London, United Kingdom. Prime Minister Keir Starmer on Tuesday pledged an extra £15 billion to modernise Britain’s armed forces under a delayed investment plan aimed at preparing for future warfare. He said the plan would raise defence spending to nearly £80 billion a year by 2029.
Plan and political context
Starmer said the Defence Investment Plan went further than a previous draft that prompted his ally John Healey to resign as defence minister this month. Healey had accused Starmer of failing to secure enough money to keep Britain safe.
In what Starmer indicated was likely to be his last major policy announcement, he said the blueprint could be built on by future governments. He acknowledged this as his expected successor, Andy Burnham, is due to take power as soon as July 20.
Some critics said the plan, which had been delayed for more than nine months, was too little and too late.

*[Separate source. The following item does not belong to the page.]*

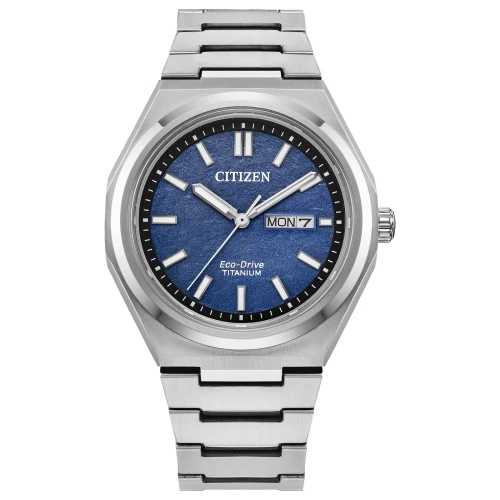 Titanium Eco-Drive AW0130-85L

NATO meeting and spending target
Starmer is due to take the plan to Ankara for a NATO meeting on July 7 to 8, where he is expected to signal that Britain is on track to meet its commitment to raise defence spending to 3.5% of GDP by 2035.
NATO Secretary General Mark Rutte welcomed the announcement, calling it a good step towards reaching the 3.5% of GDP on defence agreed in The Hague last year.

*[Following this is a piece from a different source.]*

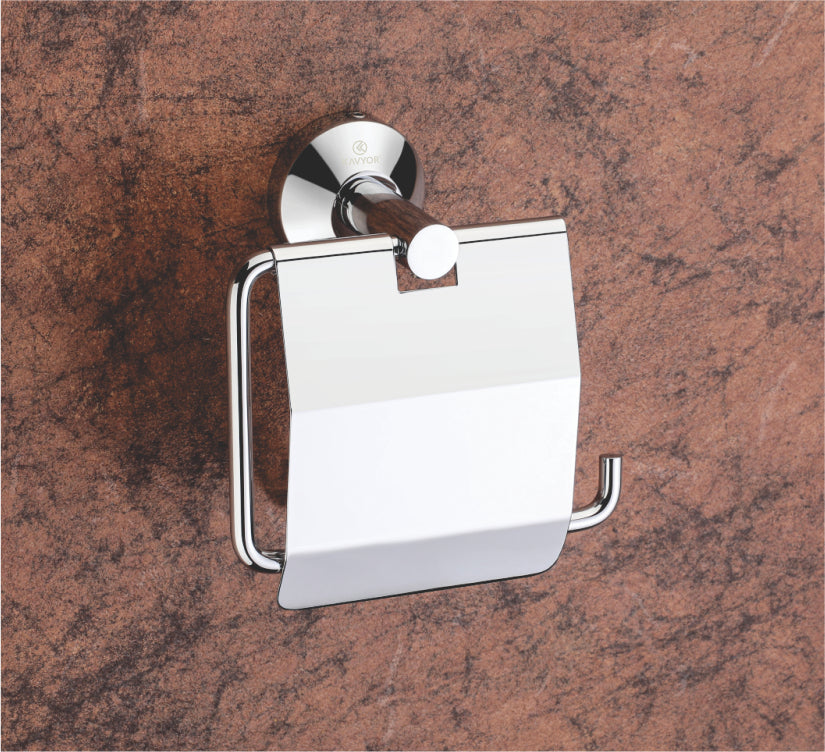 TISSUE PAPER HOLDER KBA 10212 CHROME FINISH by Kavyor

Capabilities and investment priorities
Speaking to an audience at a defence company in southern England, Starmer said the plan would provide £5 billion for investment in drones and autonomous weapons, create a hybrid navy and make the army more lethal.
He said it would also strengthen Britain’s nuclear deterrent and support a programme to build a next-generation stealth fighter jet for the Royal Air Force. Starmer said the measures would create jobs and boost growth.
“When the world is arming and aggression is rising, the best way to avoid war is to prepare for it, the best way to defend is to deter — to have the strength to make your adversaries to think again before they act,” Starmer said.
Reaction from labour representatives
Matt Roberts, national officer of the GMB trade union, praised the plan and said it offered some stability for a sector facing insecurity. He said the challenge now was delivery.